I have a large tab delimited file (dummy.vcf) with a column of ';' delimited variables. For example:
AF_female=0.00000e+00;non_topmed_AF_female=0.00000e+00;control_AF_female=0.00000e+00
control_AF_female=0.00000e+00;non_topmed_AF_female=0.00000e+00
AF_female=0.00008e+00;non_topmed_AF_female=0.00000e+00
I would like to extract the "AF_female=X" string for each row with missing values filled in, so the new file is the same length as the original. For example:
AF_female=0.00000e+00
NA
AF_female=0.00008e+00
I have tried:
grep -o ';AF_female=[0-9].[0-9]*..[0-9]*' dummy.vcf
However, this does not add rows for when the pattern is not matched.
Any help will be very much appreciated!
could you please try following if you are ok with awk
.
awk -F';' '
{
val=""
for(i=1;i<=NF;i++){
if($i ~ /^AF_female=[0-9]+/){
val=(val?val OFS $i:$i)
}
}
if(val){
print val
}
else{
print "NA"
}
}' Input_file
It should check all present values of AF_female=digits
in a line and will print NA
in case it finds NULL matches on a line too.
Output will be as follows.
AF_female=0.00000e+00
NA
AF_female=0.00008e+00
Explanation: Adding explanation for above command now.

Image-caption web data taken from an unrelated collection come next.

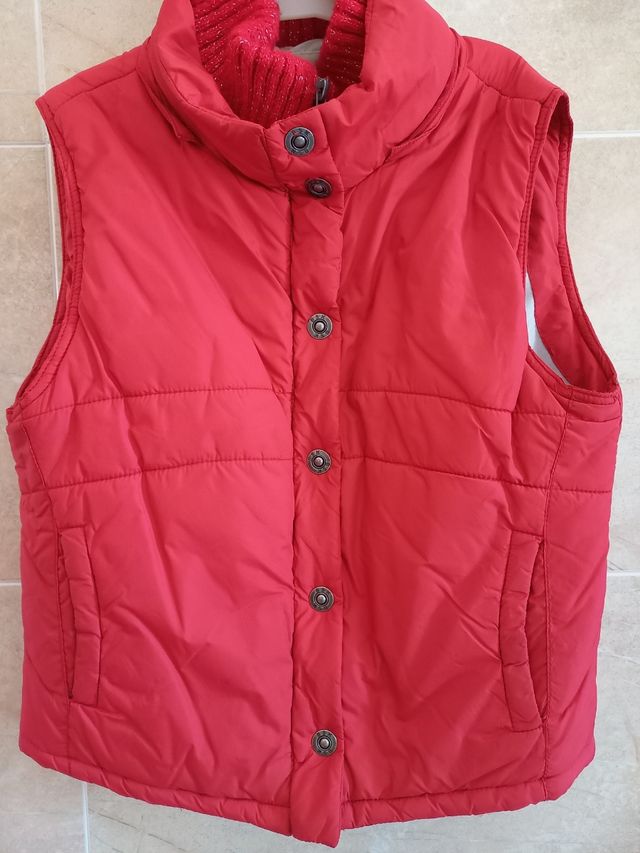 Chaleco Bershka talla M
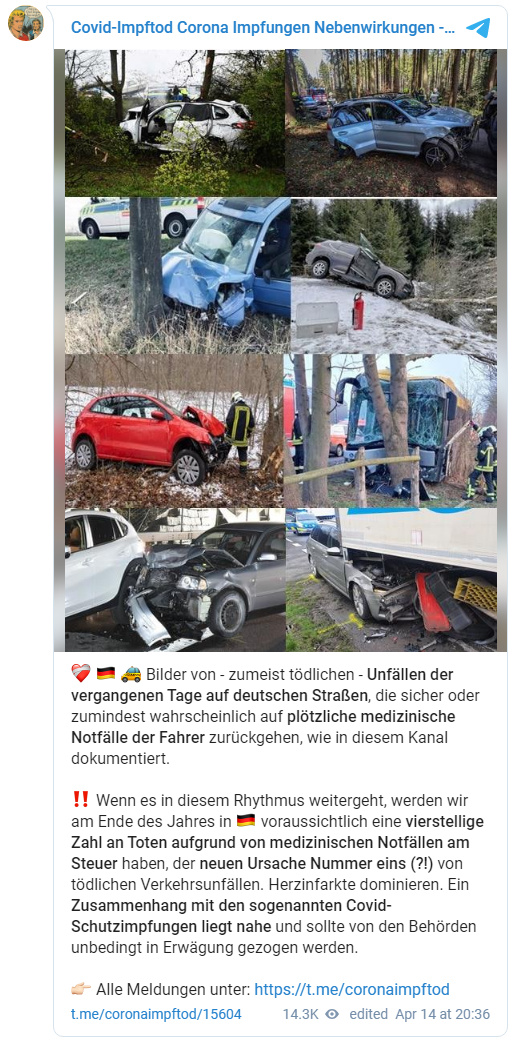 Vaccidens im 4R (es
                    war einmal ein Deutschland), Sammelfoto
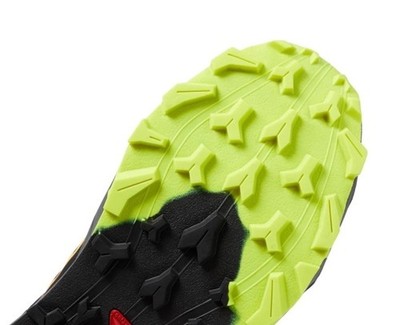 $139 SALMON Thundercross Men’s 10 Trail Running Shoes Black 472954 $139 SALMON Thundercross Men main image 4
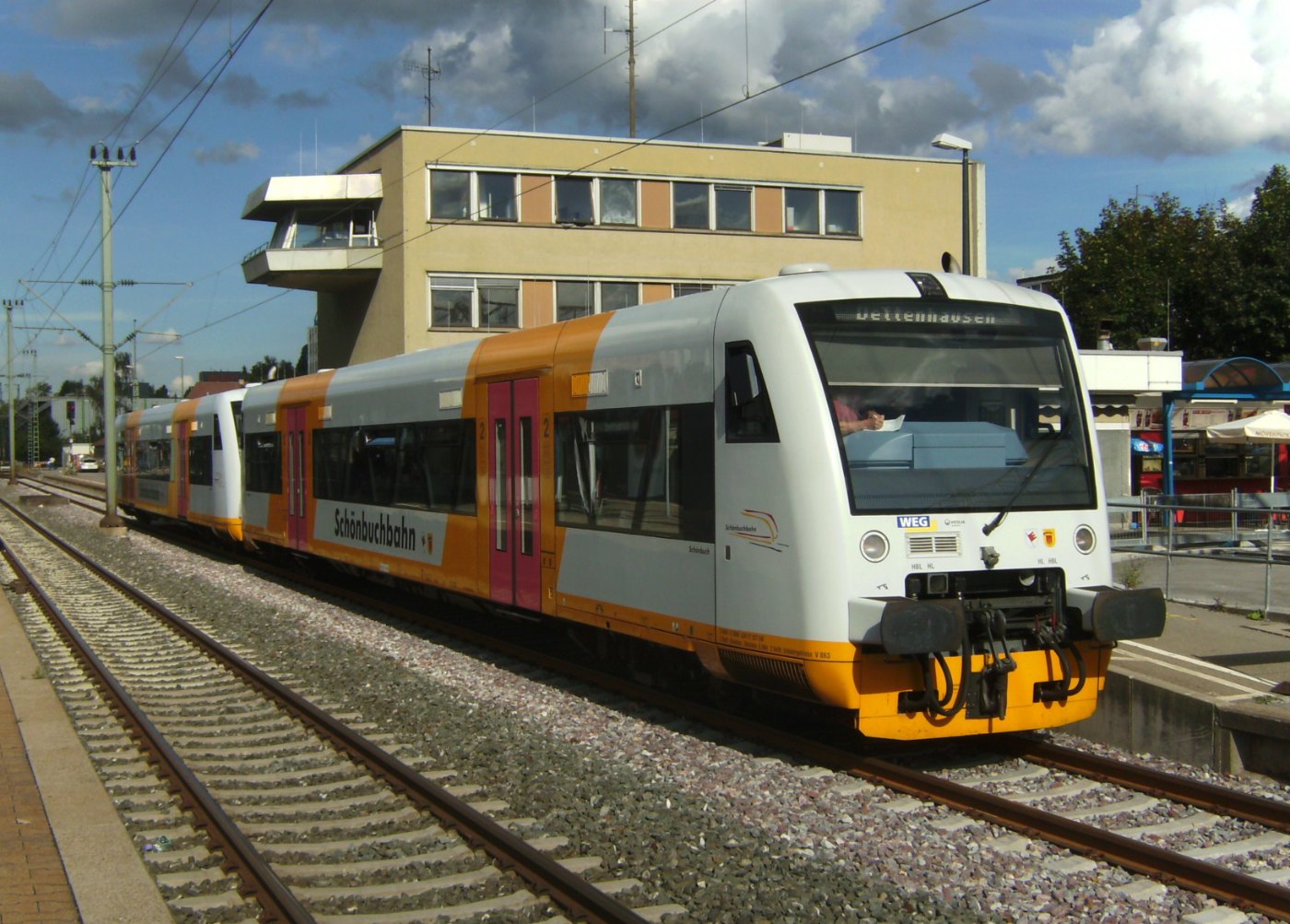 Gäubahn Schönbuchbahn Böblingen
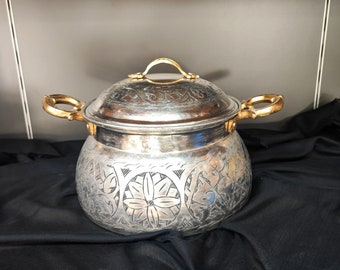 銅鍋、キッチン、丸鍋、手作り工芸品 - Etsy 日本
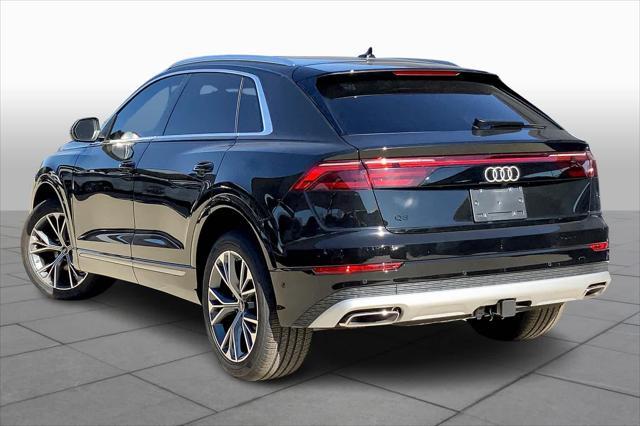 new 2025 Audi Q8 car, priced at $78,865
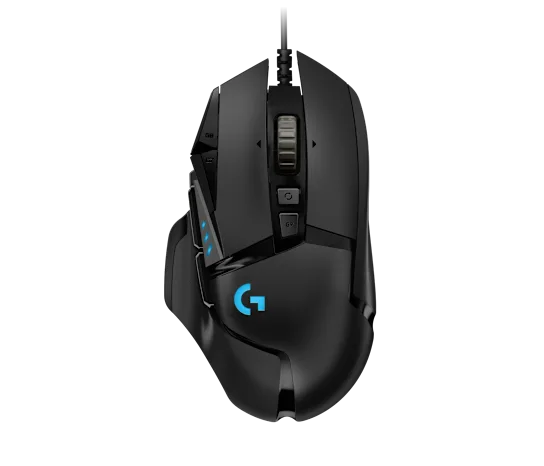 Mouse LOGITECH Gaming G502 HERO alambrico 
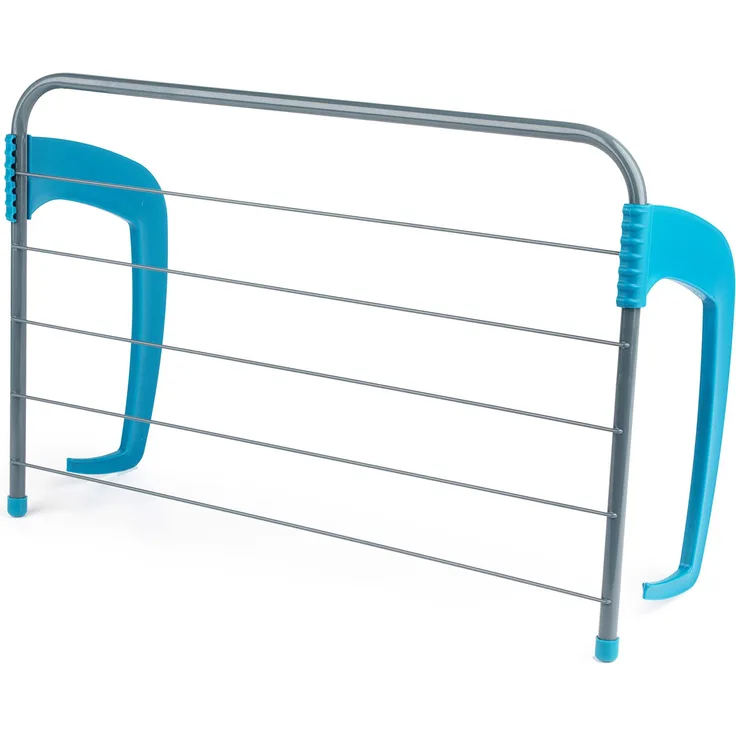 Beldray LA027535TQEU 6-Bar Radiator Attachable Airer for Hand Towels or Clothes, Holds up to 3 KG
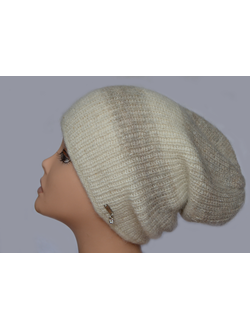 итальянская шапка бини женская вязаная vizio 6151 фото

awk -F';' ' ##Starting awk program here and setting up field separator as semi-colon here.
{
val="" ##Nullifying value of variable val here.
for(i=1;i<=NF;i++){ ##using a for loop which starts from i=1 to i=NF value. Where NF is number of fields value in current line.
if($i ~ /^AF_female=[0-9]+/){ ##Checking condition if a field starts from AF_female and then digits then do following.
val=(val?val OFS $i:$i) ##Creating variable val whose value is current field value and concatenating its own value.
}
}
if(val!=""){ ##After coming out of for loop checking if variable val value is NOT NULL then do following.
print val ##Printing value of variable val here.
}
else{ ##Mentioning else of above if condition here.
print "NA" ##Printing NA here.
}
}' Input_file ##Mentioning Input_file name here.